Goal of the exercise
Pictures are not part of the answer. Write out exactly the lines from the one containing "The 6-person dining" through the end of the material below.

Dataset section
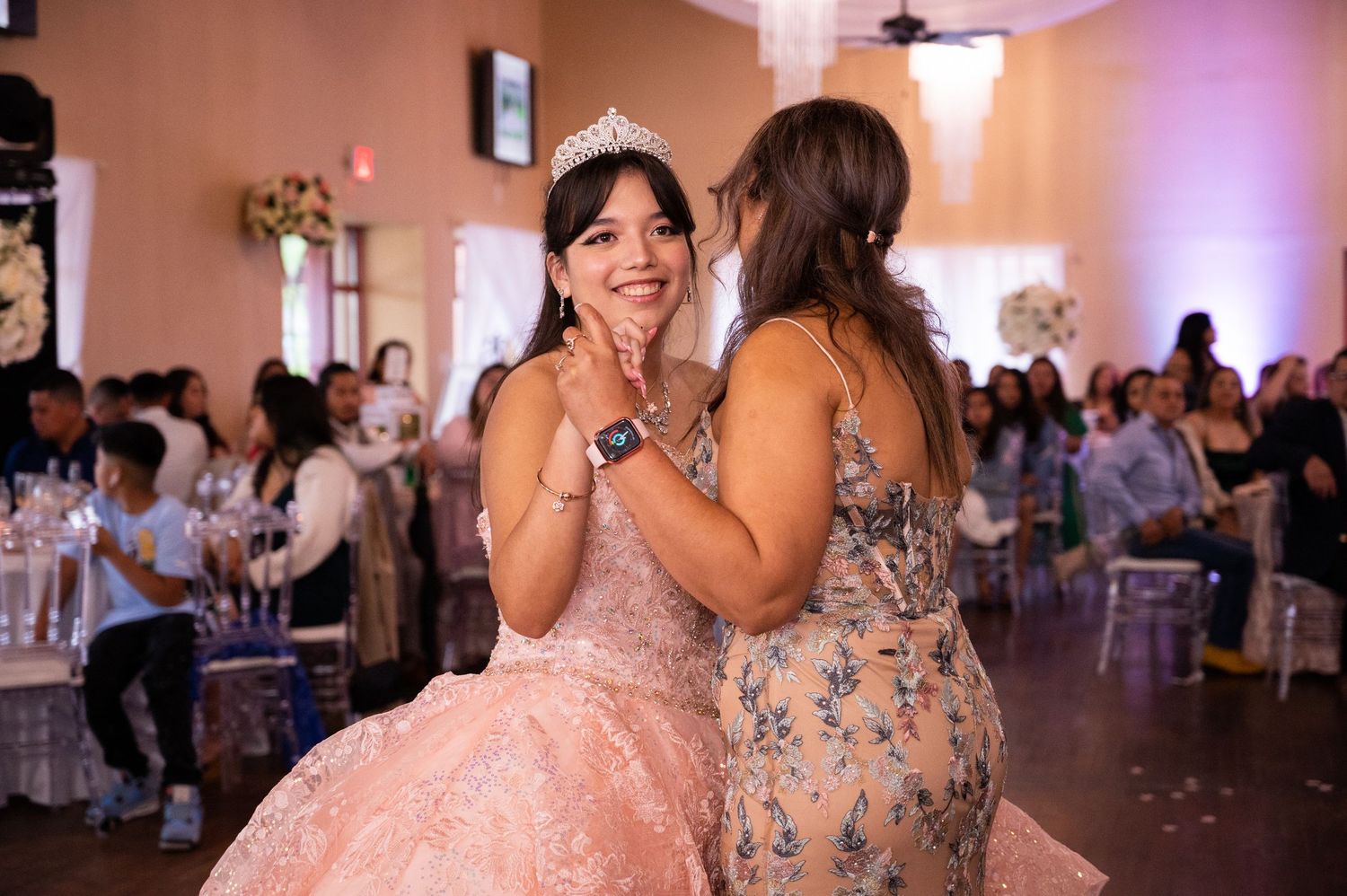 Heartwarming first dance moment with the mother smiling toward the camera.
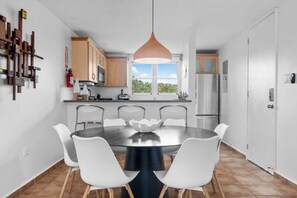 The 6-person dining table and fully equipped kitchen.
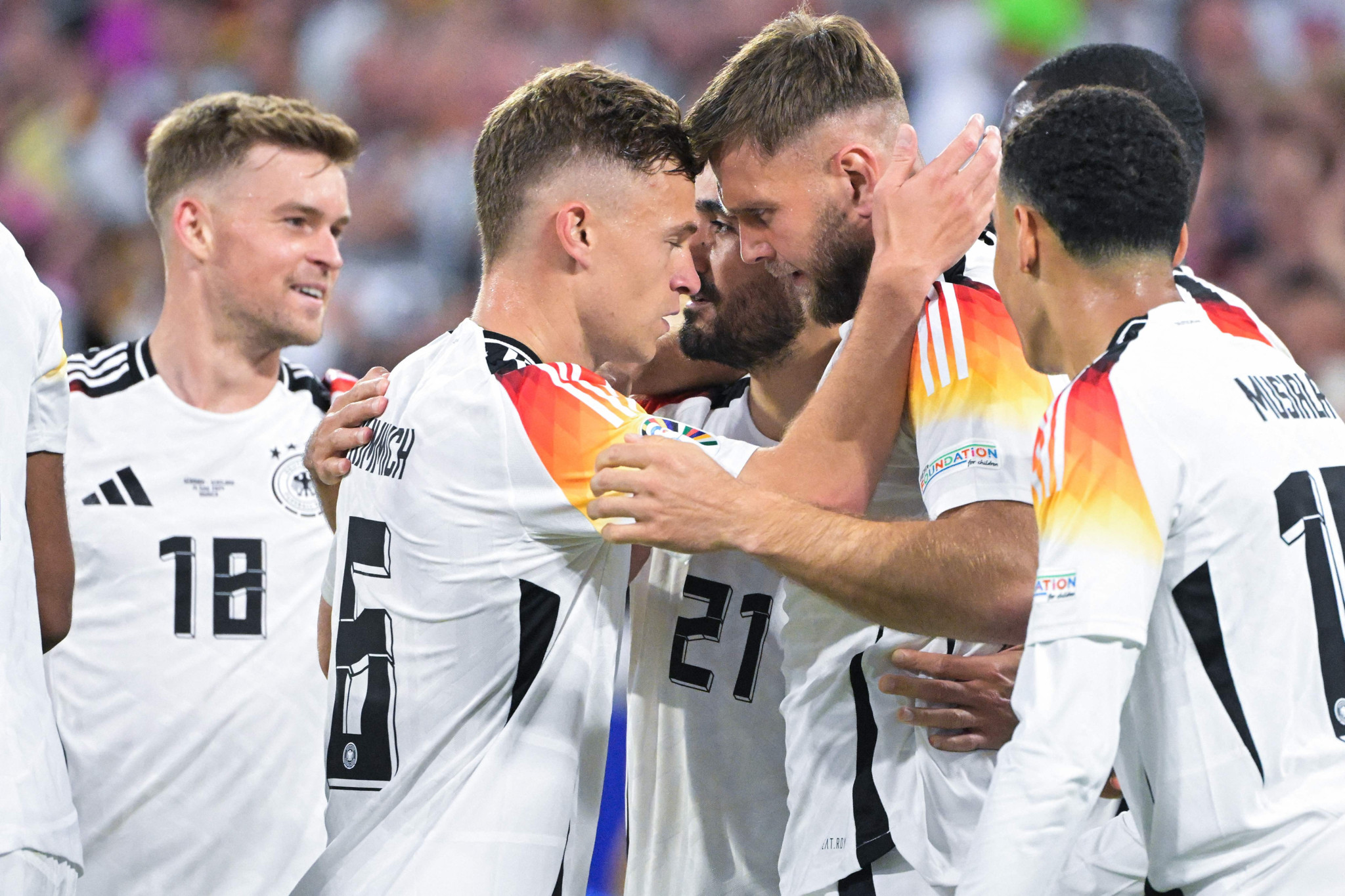 Germany's forward #09 Niclas Fuellkrug (centre right) celebrates with teammates after scoring his team's fourth goal during the UEFA Euro 2024 Group A football match between Germany and Scotland at the Munich Football Arena in Munich on June 14, 2024. (Photo by DAMIEN MEYER / AFP)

Written response
 The 6-person dining table and fully equipped kitchen.
 Germany's forward #09 Niclas Fuellkrug (centre right) celebrates with teammates after scoring his team's fourth goal during the UEFA Euro 2024 Group A football match between Germany and Scotland at the Munich Football Arena in Munich on June 14, 2024. (Photo by DAMIEN MEYER / AFP)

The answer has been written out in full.